Figure 7 shows that there were no differences between the alcohol and control groups in total ApoE levels, in the [LipidA-ApoE]-bound form (Fig. 7A, B; t₍₁₆₎ = 0.01856, P = 0.29854; t₍₁₆₎ = 0.1418, P = 0.8890, respectively) or in ApoER2 expression (Fig. 7C; t₍₁₆₎ = 1.082, P = 0.2953) in the PFC of males. Blots are represented in Fig. 7D.

Similarly, no differences were found in the total form of ApoE, the [LipidA-ApoE]-bound form, and ApoER2 expression in females (Fig. 7E–G; t₍₁₅₎ = 1.553, P = 0.1413; Mann‒Whitney U = 34; P > 0.05; t₍₁₅₎ = 0.2900, P = 0.7758 n.s., respectively). Representative blots in Fig. 7H.

Detection of LPS components (Lipid A and core), TLR4, and Apos in the cerebellum of male and female ethanol-treated and control animals

The whole study was repeated in the cerebellum (nonperfused animals), both in the vermis and in the cerebellar hemispheres (Hcb) (Supplemental Results 2.2). As mentioned before, Lipid A, Core, and TLR4 were also detectable within the cerebellum of male and female animals, with no differences between experimental groups (Supplemental Results 2.2, Supplemental Fig. S3).
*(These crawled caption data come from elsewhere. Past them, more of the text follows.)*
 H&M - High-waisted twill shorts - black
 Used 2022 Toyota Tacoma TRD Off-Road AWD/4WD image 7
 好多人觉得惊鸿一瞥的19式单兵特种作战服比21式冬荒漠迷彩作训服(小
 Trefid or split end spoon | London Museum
The expression of ApoAI and ApoB was also checked in the cerebellum, together with their receptors and their bound forms to Lipid A (Supplemental Results 2.2). No significant differences were found between experimental groups (Supplemental Figs. S4 and S5 for studies with ApoAI and ApoB, respectively).

The study with ApoE is represented in Supplemental Fig. S6 (Supplemental Results 2.2) and showed sex differences in the expression of ApoER2, with upregulation in ethanol-treated males versus controls (Supplemental Fig. S6C; Mann‒Whitney U = 10, P < 0.05) and downregulation in ethanol-treated females (Supplemental Fig. S6G; t₍₁₄₎ = 3.133, P = 0.0073).
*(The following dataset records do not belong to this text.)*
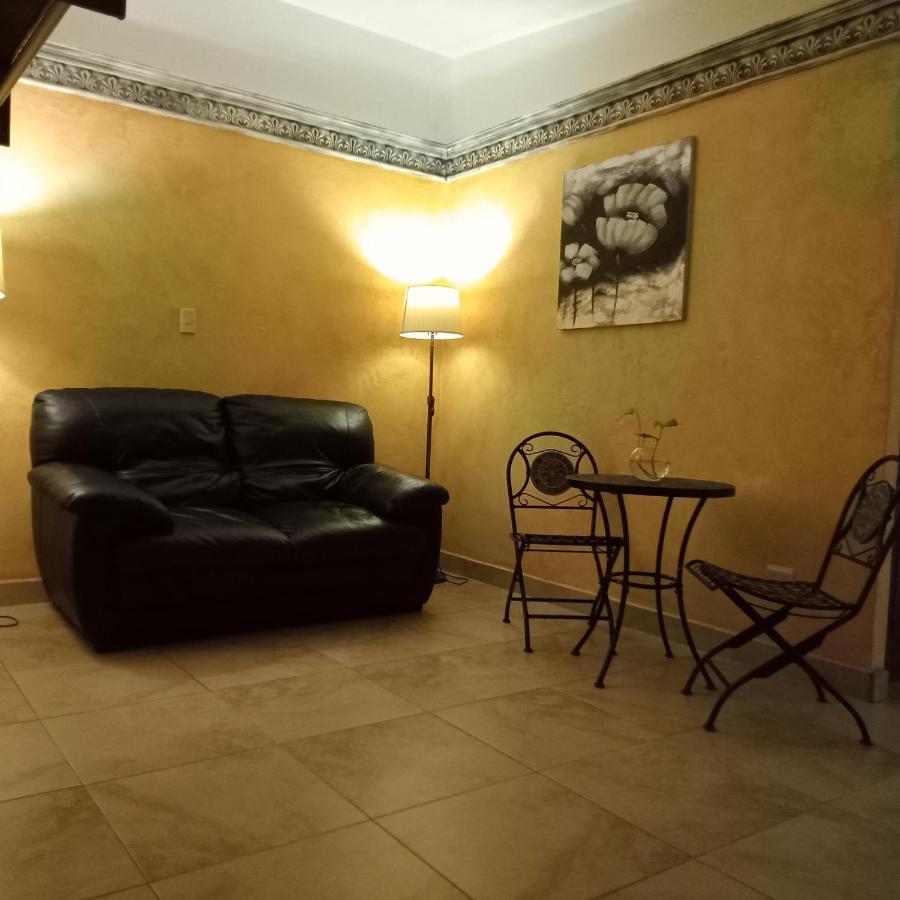 Antigua Inn Hotel Гватемала Экстерьер фото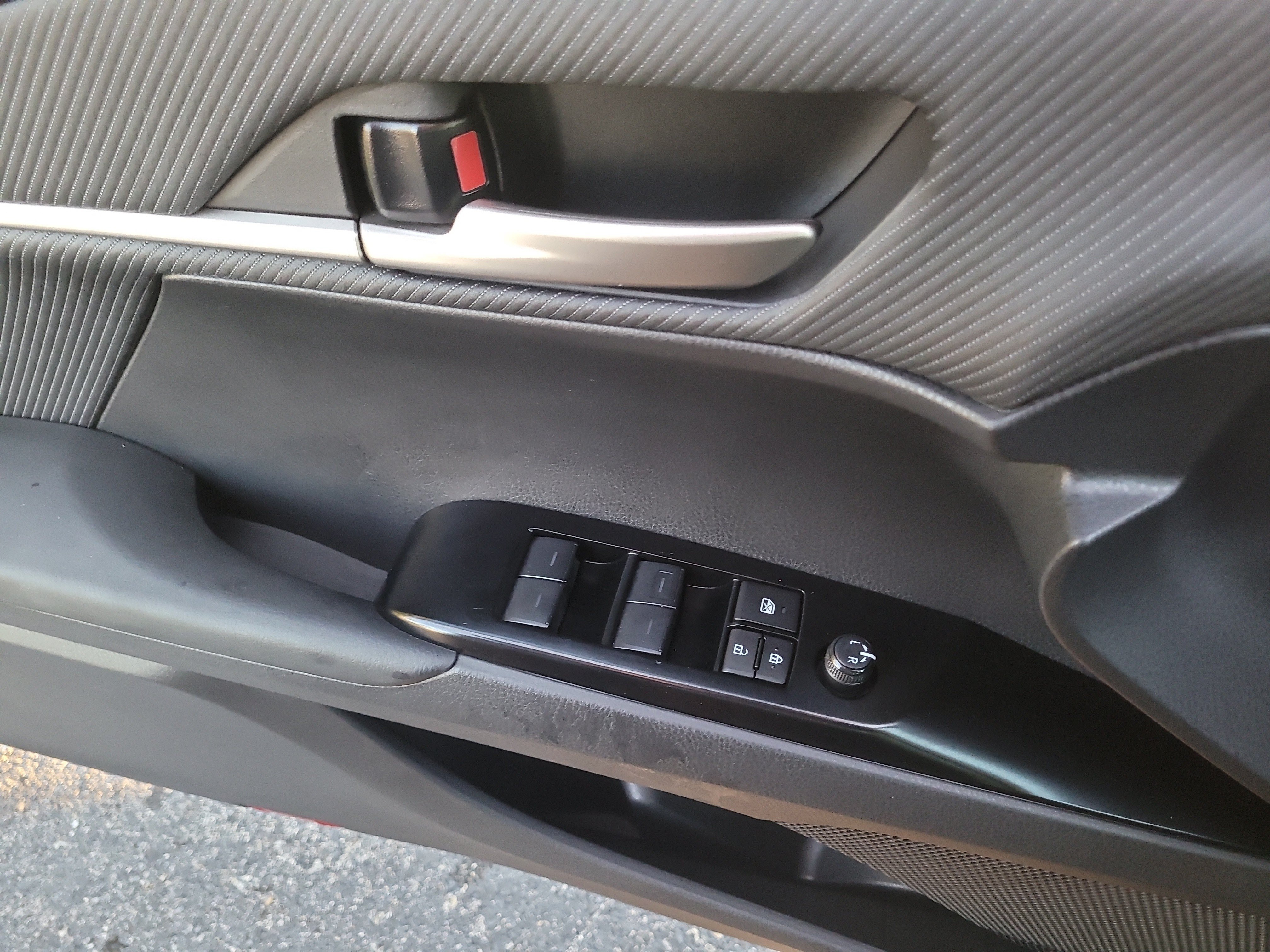 Certified 2025 Toyota Camry SE w/ Convenience Package FWD image 17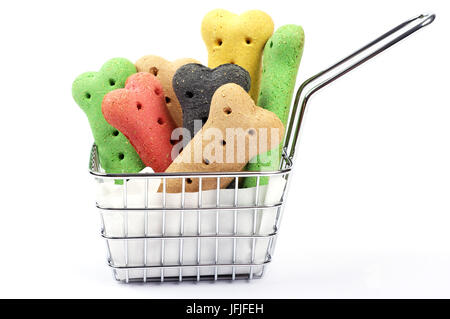 Hundekuchen in einem blauen Eimer auf weißem Hintergrund Stockfoto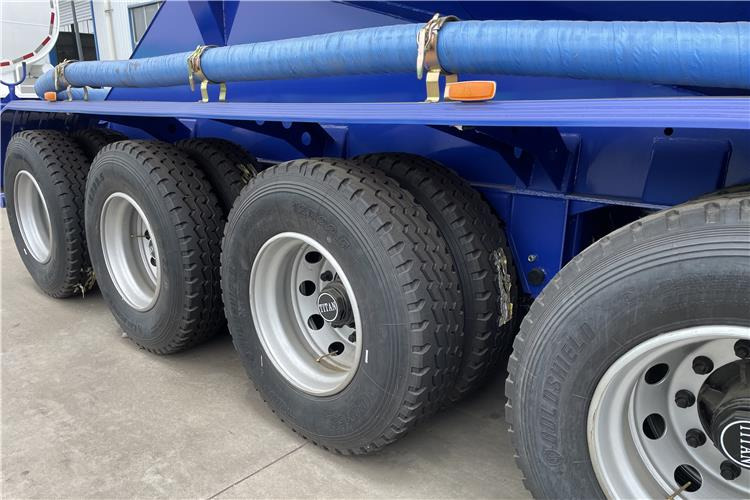 TITAN 4 Axle 60 Ton Bulker Cement Tanker Trailer for Sale In United Arab Emirates - Gjysmë rimorkio: foto 5 TITAN 4 Axle 60 Ton Bulker Cement Tanker Trailer for Sale In United Arab Emirates - Gjysmë rimorkio: foto 5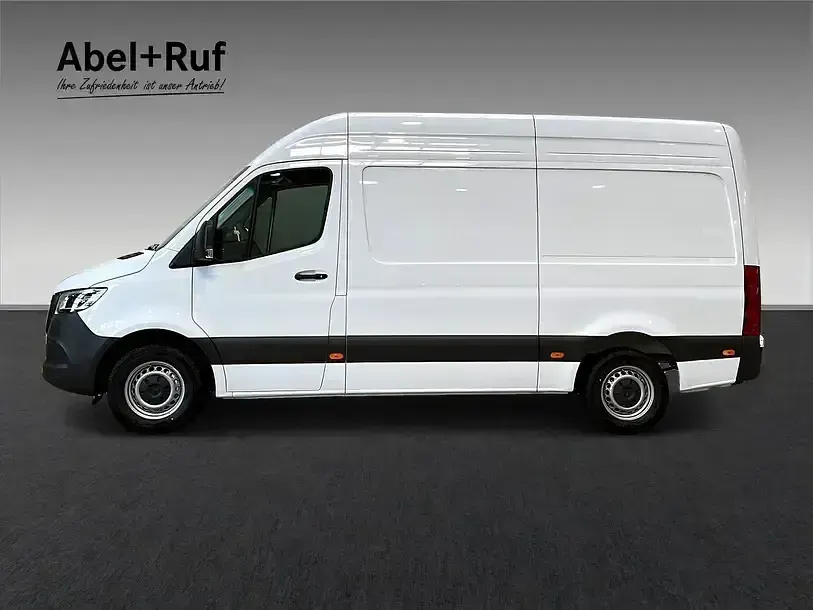 Używany Mercedes Sprinter 170 KM (125 kW) 2026 Biały Van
Analyzing the contribution of cerebral blood flow to the presence of bacterial products within the brain

This study investigated the presence of bacterial components in their free form or bound to apolipoproteins within brain areas affected by alcohol, such as the PFC and cerebellum. Although it was not a fundamental objective of the present study, we performed a pilot experiment to ascertain the influence of blood flow within the brain in the changes observed. In this pilot study, we compared perfused (blood removed) and nonperfused female control rats regarding the presence of free Lipid A or its aggregates with ApoAI or TLR4.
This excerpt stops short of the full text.